Attempt to impeach Andrew Johnson offers insight

Curt Greer’s May 2 letter to the editor fantasizes an “attempted coup” by a “Democratic cabal.” Robert Mueller is a decorated Marine Corps hero and lifelong Republican (“Democratic cabal?”) who continued his lifelong service to his country by taking on the thankless job of investigating the president. The portrait of Mr. Trump painted by Mr. Mueller is far different than portrayed in the tweets that followed. Mueller declined to indict Mr. Trump on obstruction charges, scrupulously following a Department of Justice policy that exempts a sitting president from indictment, but left that job up to Congress, as is proper.

Don’t you remember? Bill Clinton was impeached by Republicans for lying about the Monica Lewinsky affair, and George W. Bush subsequently won the Republican presidential nomination on a platform of “restoring honor and dignity to the White House.” Where are honor and dignity now? We have hush-money payments to porn stars. The Washington Post fact-checker documents over 10,000 lies told publicly by Mr. Trump.

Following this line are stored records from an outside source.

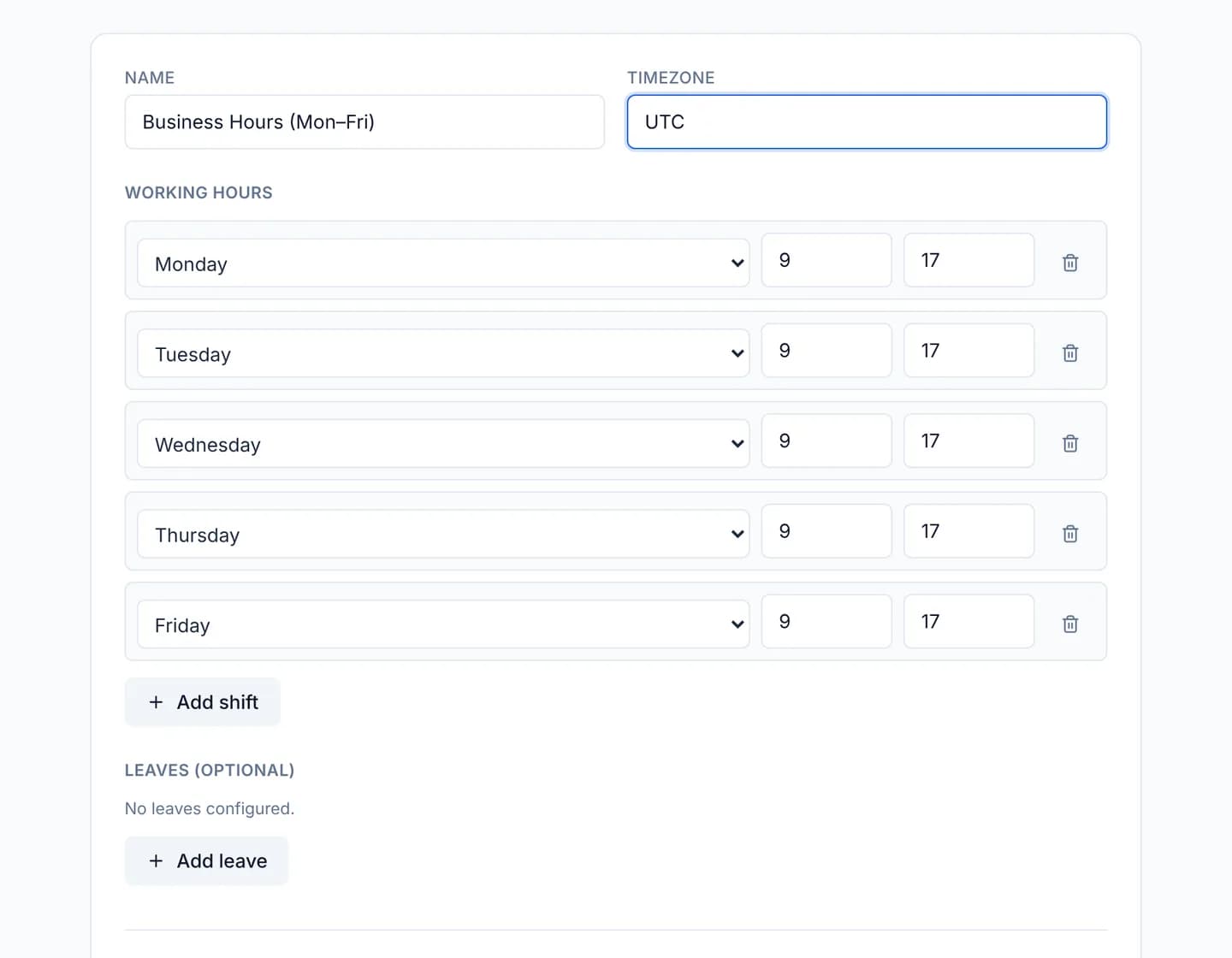 The working calendar form with a Name box, a Timezone box and a Working hours block listing five shift rows from Monday to Friday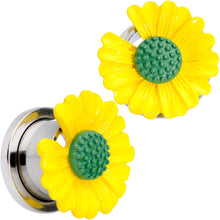 Load image into Gallery viewer, Yellow Daisy Flower Screw Fit Plug Set
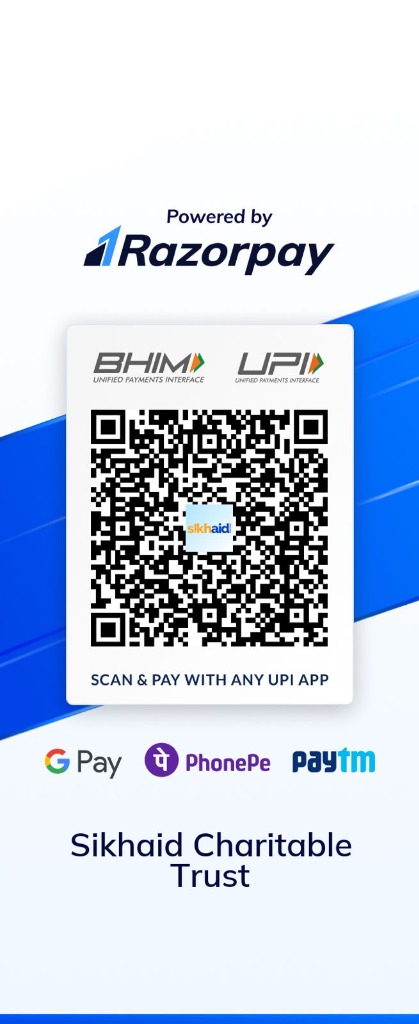 Sikh Aid donation UPI QR code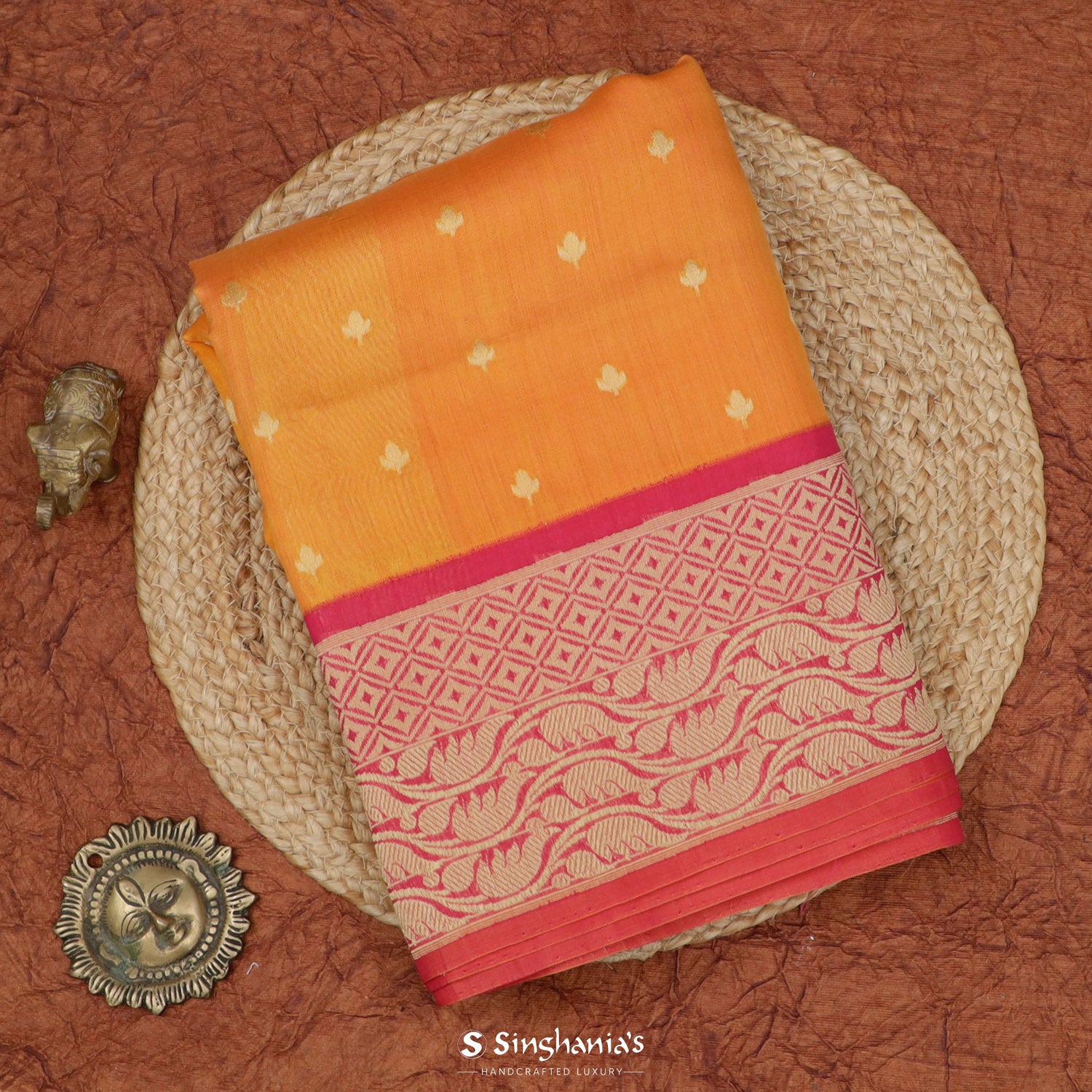 Cheese Orange Banarasi Silk Saree With Zari Weaving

The impeachment of Andrew Johnson sounds eerily familiar: A self-styled champion of the white middle class, Johnson spoke to voters skeptical of the Republican Party’s progressive agenda of Reconstruction. Many voters identified with his raw, profane style. John Wilkes Booth made him president with a bullet.

E.P. Whipple wrote about him (The Atlantic magazine) in 1866, “The president of the United States has so singular a combination of defects for the office of constitutional magistrate, that he could have obtained the opportunity to misrule the nation only by a visitation of Providence.” Johnson, as president, vetoed the Civil Rights Act of 1866. Many members of Johnson’s cabinet worked behind the scenes with congressional allies to attempt to restrain the president, who began to see conspiracies against him everywhere. He moved to purge the offenders who frustrated his desires.

A campaign of white nationalist terror followed. Johnson refused to suppress the violence, in which dozens of blacks were slaughtered or maimed, instead using the public’s fear of violence to build a constituency loyal to him personally instead of to either party. The impeachment was defeated by one vote. Reconstruction was abandoned. What followed was 100 years of Jim Crow.

Mr. Greer’s letter thanks Mr. Trump for a 3.2 percent GDP growth. I submit that the price for that is too high.